Implementing an autoregressive distributed lag (ADR) model

I am trying to implement an autoregressive distributed lag (ADR) model something to the effect of this (also):

y_{t} = \alpha + \sum\limits_{j=1}^{p}\phi_{j} y_{t-j} + \sum\limits_{j=0}^{q,1}\beta_{1,j} x_{1,t-j} + \dots + \sum\limits_{j=0}^{q,k}\beta_{k,j} x_{k,t-j} + \epsilon_{t}

It’s commonly used in economics and ecology but haven’t found a Stan model example with it yet.

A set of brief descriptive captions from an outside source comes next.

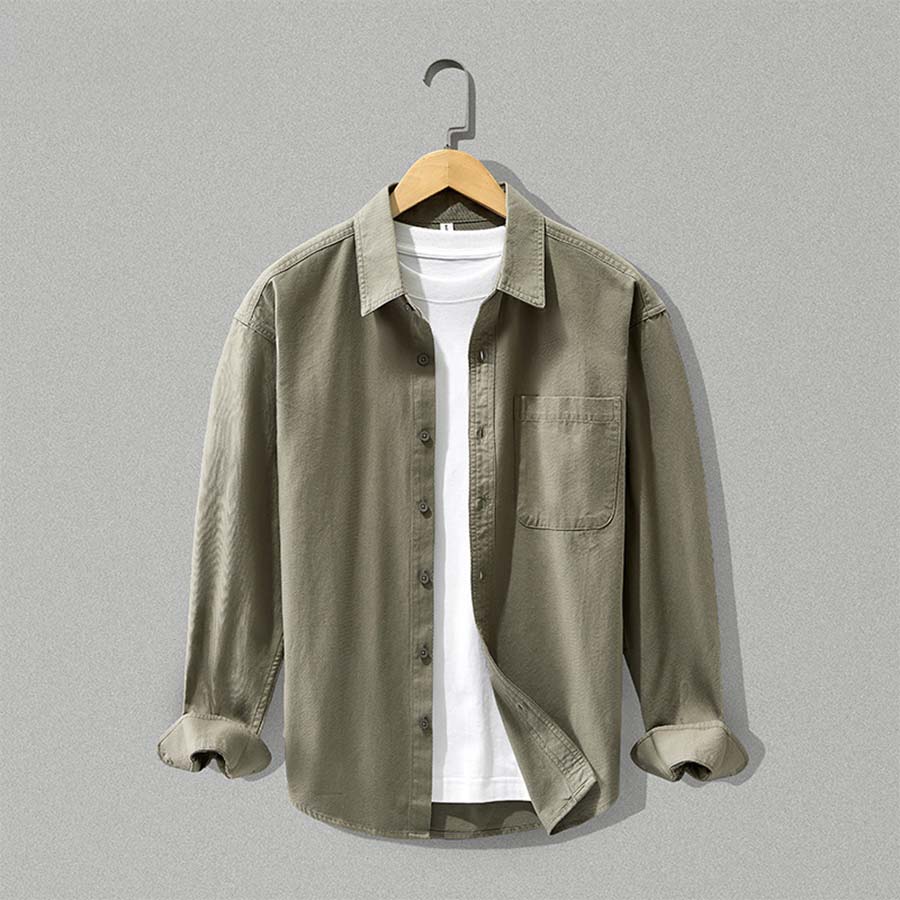 Men's Button-Up Shirt- Long-Sleeve Chest-Pocket Top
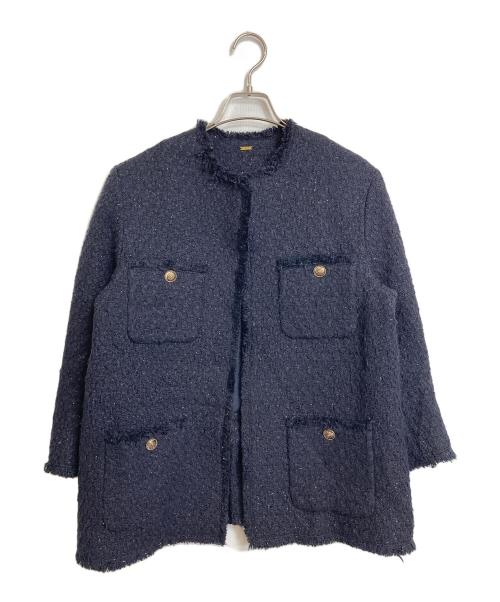 Mila Owen（ミラオーウェン）Mila Owen (ミラオーウェン) 金釦ツイードジャケット　アウター　セレモニー ブラックの古着・服飾アイテム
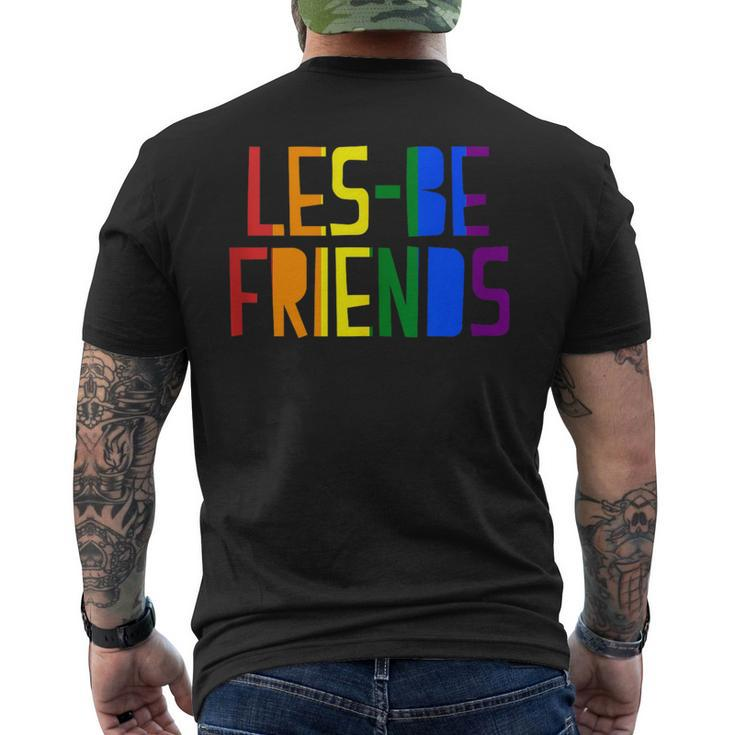 Les-Be Friends Funny Cute Lgbtq Lesbian Pride Aesthetic  Mens Back Print T-shirt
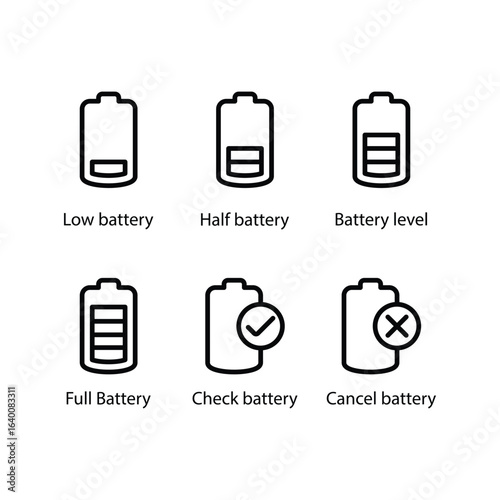 Low, Half, level, Full, Check battery, Cancel battery, icon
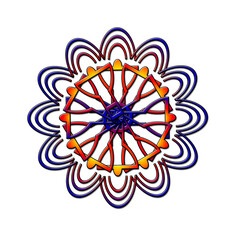 A vibrant and glowing abstract spirograph design resembling a mandala, featuring intertwined loops and curves in shades of blue, red, orange, and yellow. The intricate pattern stands out against a bla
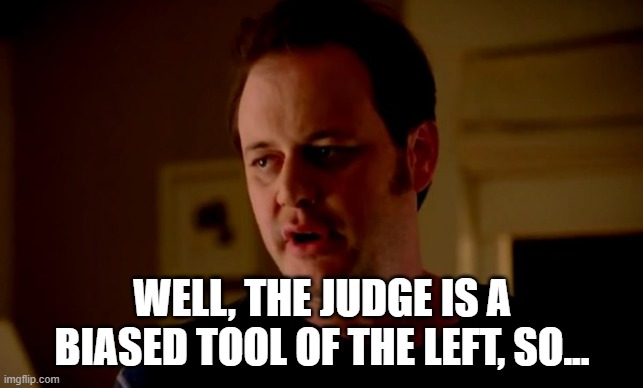 Jake from state farm | WELL, THE JUDGE IS A BIASED TOOL OF THE LEFT, SO... | image tagged in jake from state farm | made w/ Imgflip meme maker
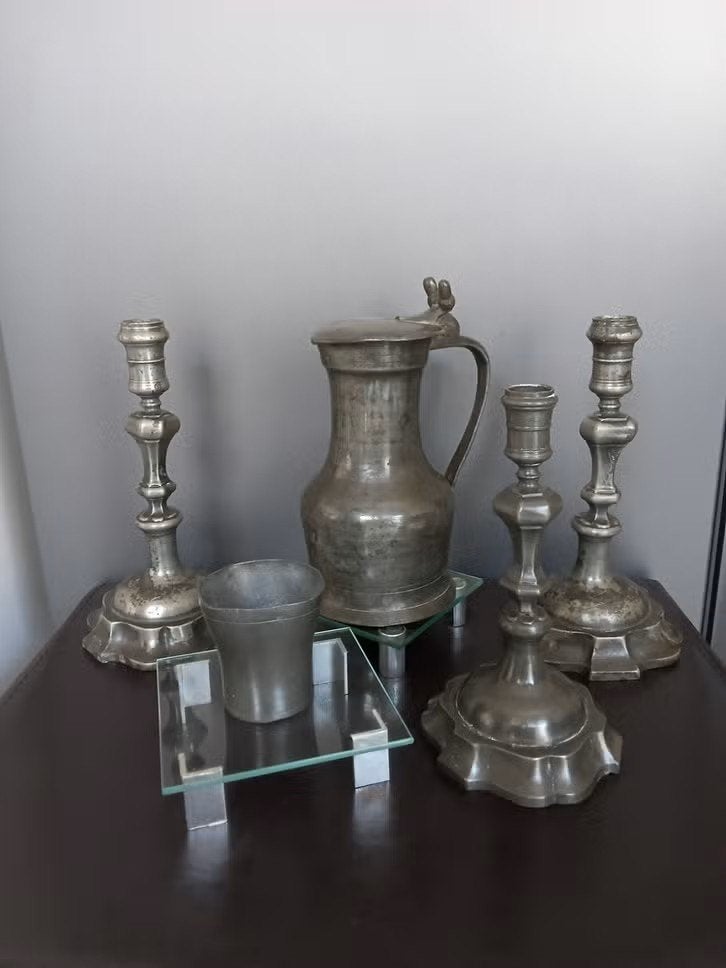 Lot 18e eeuws tin, Ophalen of Verzenden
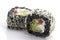 Two sushi with black rice closeup.Sushi rolls with rice and fish on a white plate with reflec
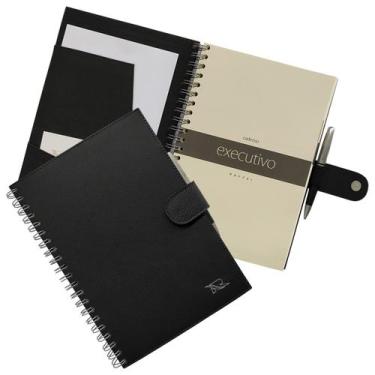 Imagem de Caderno Executivo Couro 172-R Raffai Couros, Preto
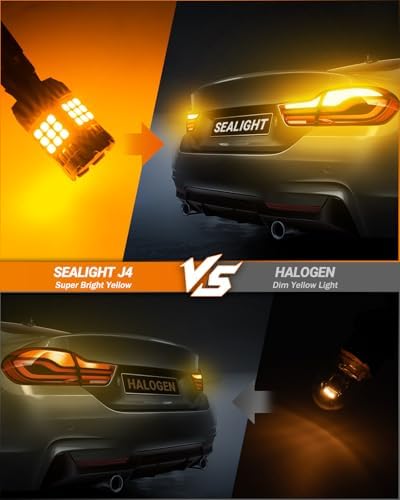 SEALIGHT 7443 7440 Amber Yellow, T20 LED Bulb Amber Anti Hyper Flashing, W21W LED Bulb for Turn Signal Light Need Extra Load Resistor, Pack of 2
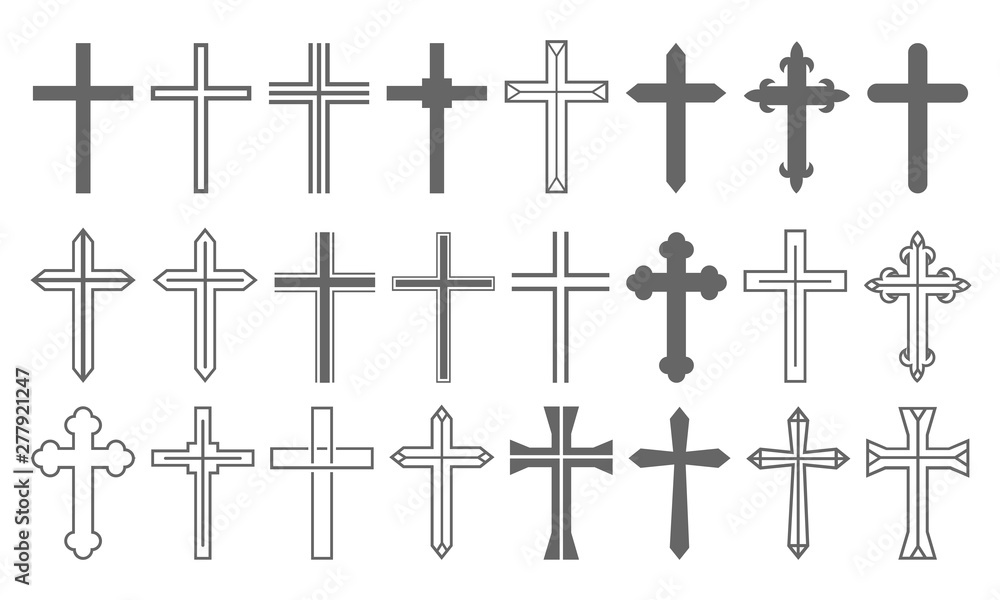 Wall mural cross set christian icon collection - Wall murals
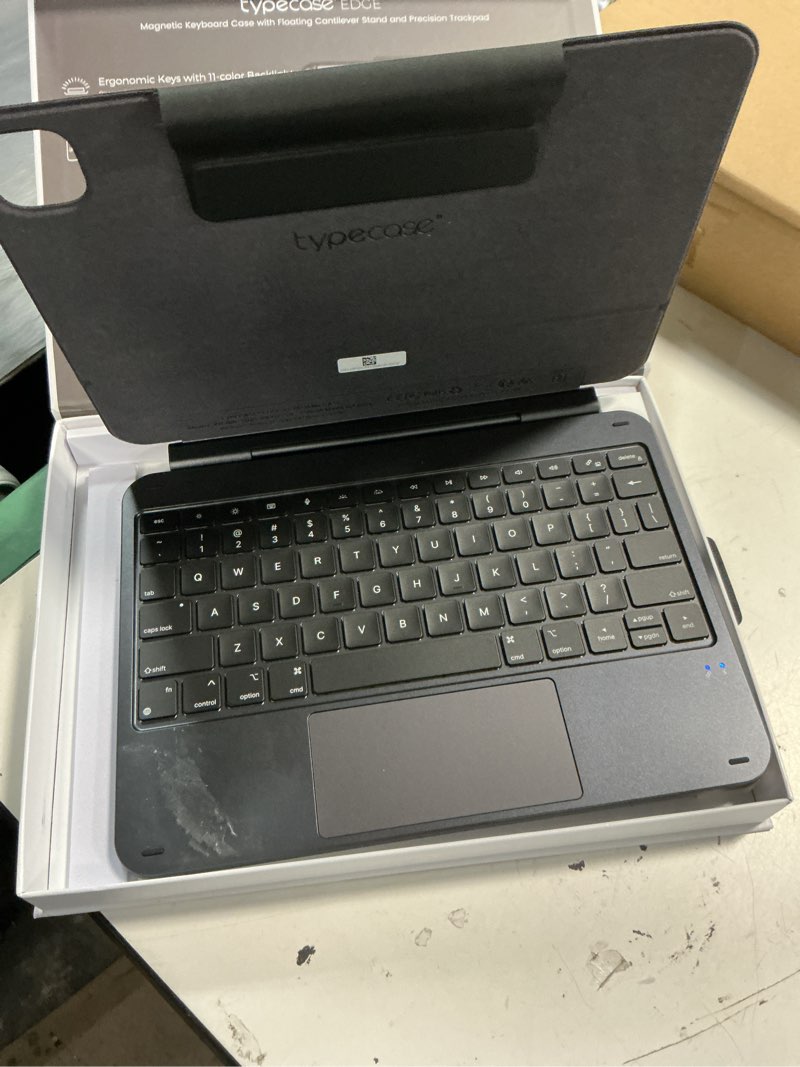 Condition photo showing Good Condition for typecase edge ipad pro 11 inch case with keyboard (m5/ m4), easy-set floating magnetic stand with multi-touch trackpad, 11 colors backlight, pencil holder, space black?not for ipad air? pro 11" (m5 & m4) space black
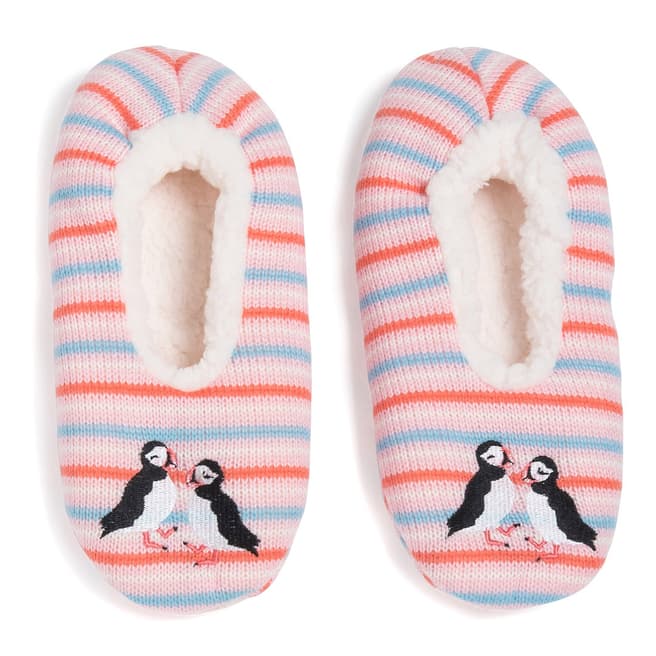 Wild Feet Pink/Blue Puffins Slipper Socks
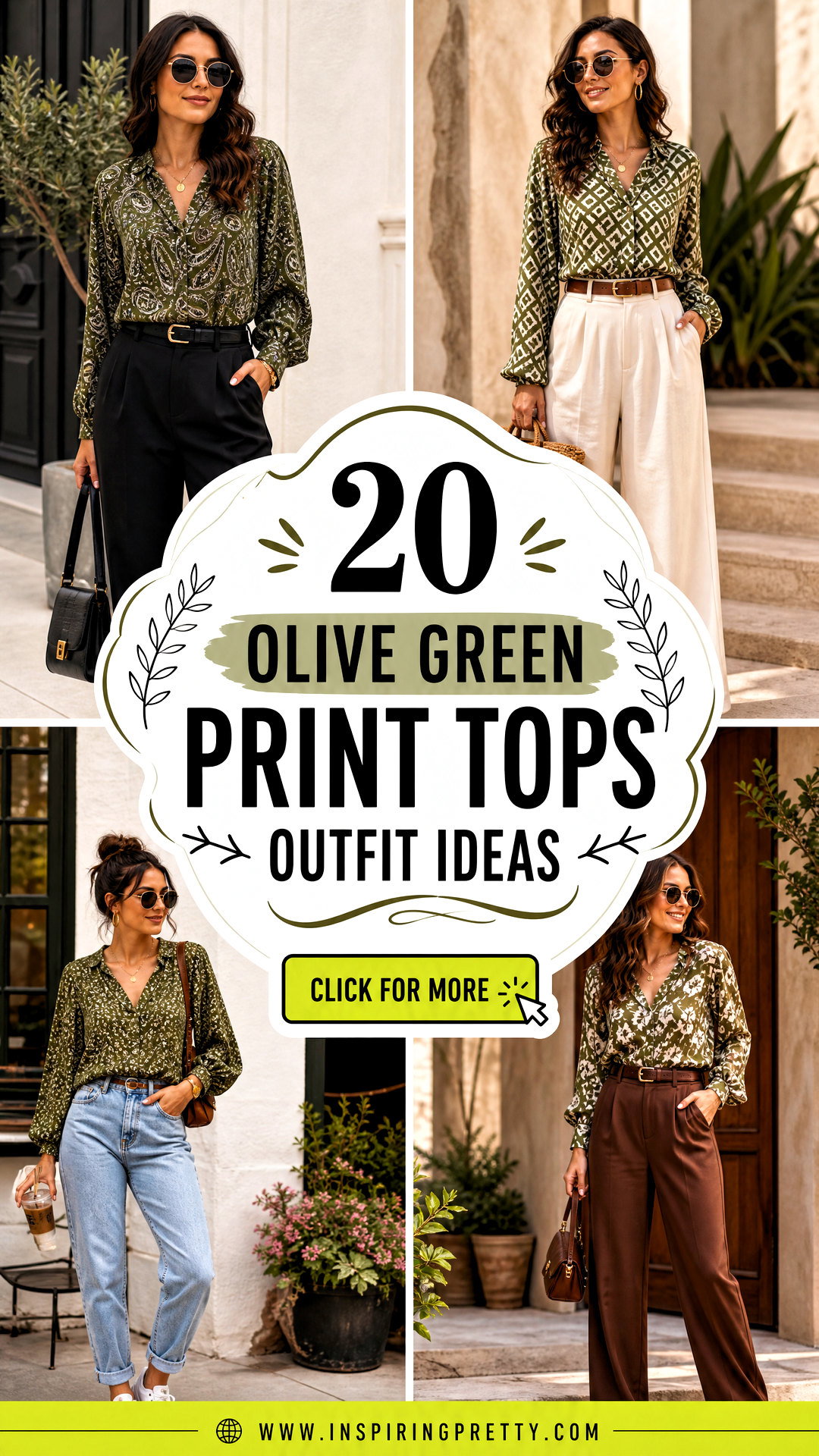 20 Olive Green Print Tops Outfit Ideas for Chic Fall Style - 20 Olive Green Print Tops Outfit Ideas for Chic Fall Style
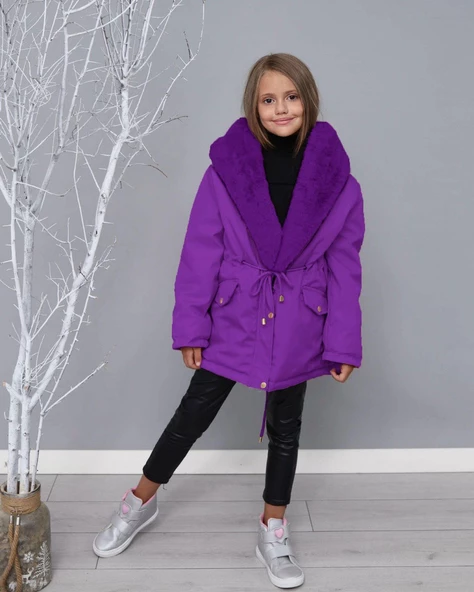 MODAVALS KIZ ÇOCUK YAKA TAK ÇIKAR İTHAL KÜRKLÜ KAPİŞONLU İÇİ PELUŞ SU GEÇİRMEZ MONT - 11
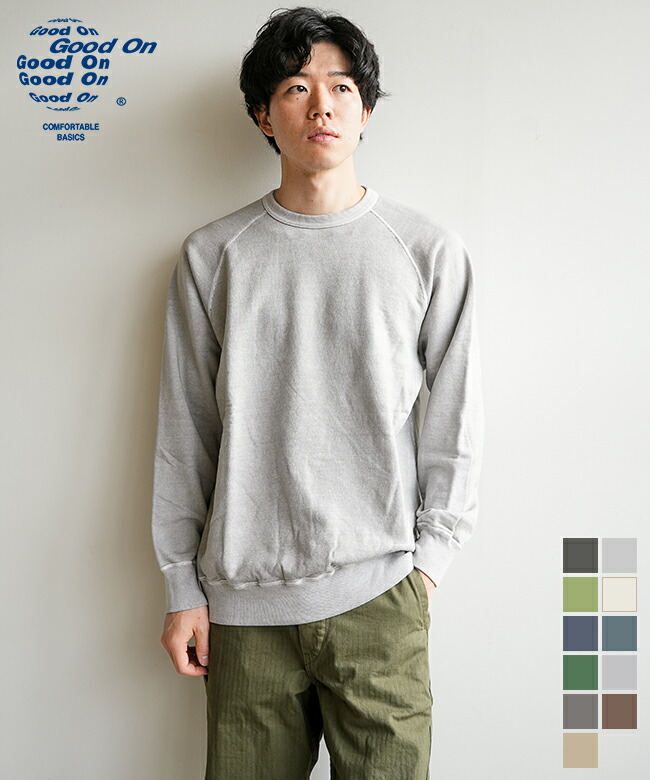 楽天市場】[GOBW-101P/C]GOOD ON(グッドオン) L/S RAGLAN CREW SWEAT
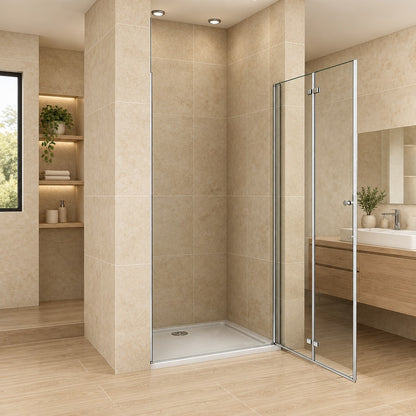 Porte de douche pivotante-pliante pour niche – en situation dans une salle de bain
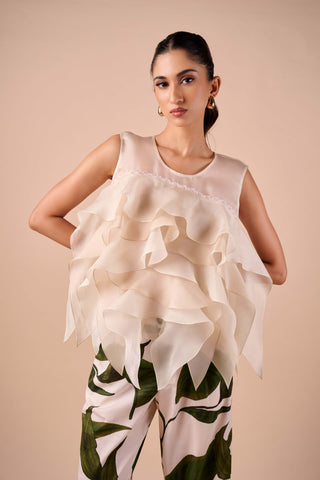 Ivory organza layer ruffle top and cotton pant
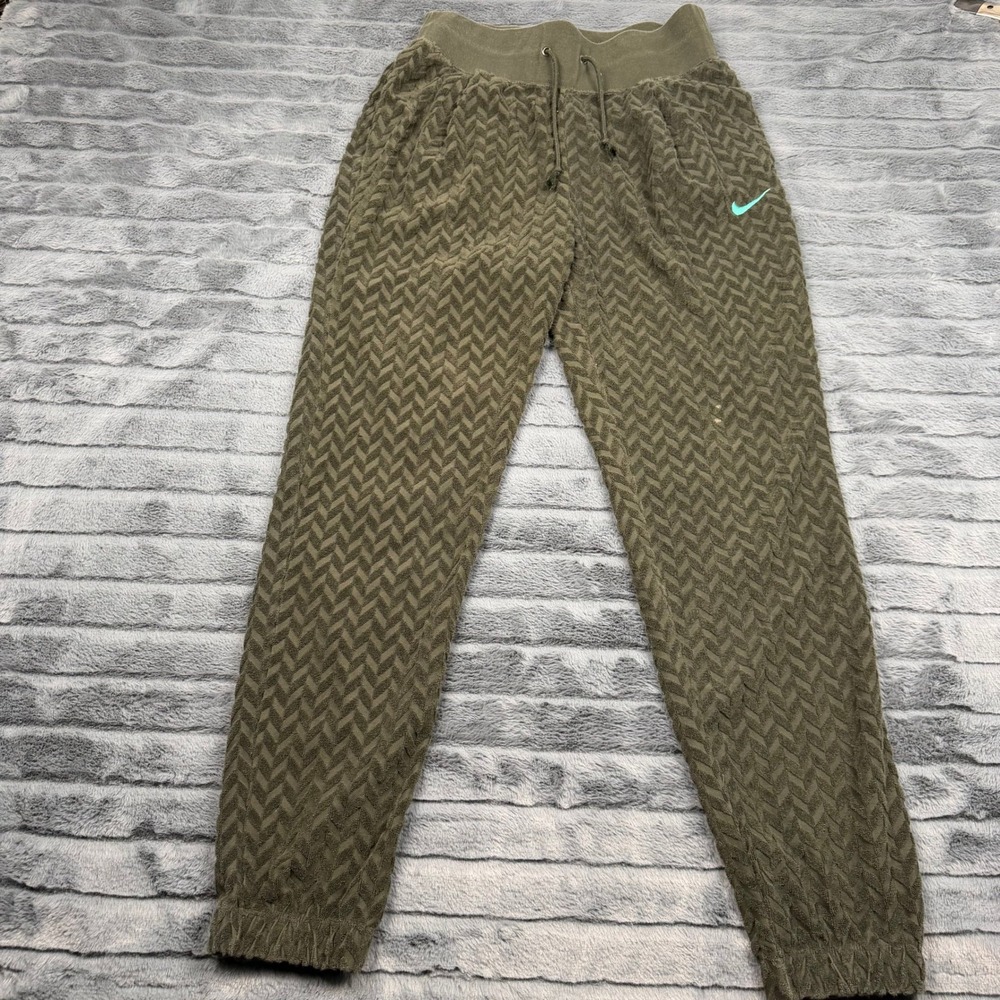 Nike Womens Herringbone Terry Joggers Olive Green DR2178-355 Medium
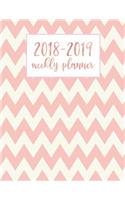 2018-2019 Weekly Planner: Undated Planner with Pink Chevron Ikat for Women Girls - Large 8.5x11 - Agenda Calendar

I’m somewhat stuck as to what would be best to do after I add the AR(p) component. I’ve had a few attempts without success. This is the code that I’ve been using as my base model from brms, I’ll explain what I’ve tried to do to it:

data {
  int<lower=1> N;  // number of observations
  vector[N] Y;  // response variable
  int<lower=1> K;  // number of population-level effects
  matrix[N, K] X;  // population-level design matrix
  // data needed for ARMA correlations
  int<lower=0> Kar;  // AR order
  int<lower=0> Kma;  // MA order
  // number of lags per observation
  int<lower=0> J_lag[N];
  int prior_only;  // should the likelihood be ignored?
}
transformed data {
  int Kc = K - 1;
  matrix[N, Kc] Xc;  // centered version of X without an intercept
  vector[Kc] means_X;  // column means of X before centering
  int max_lag = max(Kar, Kma);
  for (i in 2:K) {
    means_X[i - 1] = mean(X[, i]);
    Xc[, i - 1] = X[, i] - means_X[i - 1];
  }
}
parameters {
  vector[Kc] b;  // population-level effects
  // temporary intercept for centered predictors
  real Intercept;
  real<lower=0> sigma;  // residual SD
  vector[Kar] ar;  // autoregressive effects
}
model {
  // initialize linear predictor term
  vector[N] mu = Intercept + Xc * b;
  // objects storing residuals
  matrix[N, max_lag] Err = rep_matrix(0, N, max_lag);
  vector[N] err;
  // include ARMA terms
  for (n in 1:N) {
    err[n] = Y[n] - mu[n];
    for (i in 1:J_lag[n]) {
      Err[n + 1, i] = err[n + 1 - i];
    }
    mu[n] += head(Err[n], Kar) * ar;
  }
  // priors including all constants
  target += student_t_lpdf(Intercept | 3, 0, 10);
  target += student_t_lpdf(sigma | 3, 0, 10)
    - 1 * student_t_lccdf(0 | 3, 0, 10);
  // likelihood including all constants
  if (!prior_only) {
    target += normal_lpdf(Y | mu, sigma);
  }
}
generated quantities {
  // actual population-level intercept
  real b_Intercept = Intercept - dot_product(means_X, b);
}

My strategy was to get the AR(p) component

y_{t} = \alpha + \sum\limits_{j=1}^{p}\phi_{j} y_{t-j} + \epsilon_{t}

then repeat it for the lagged exogenous regressors substituting \phi with \beta and reindex it with a

Please share your Stan program and accompanying data if possible.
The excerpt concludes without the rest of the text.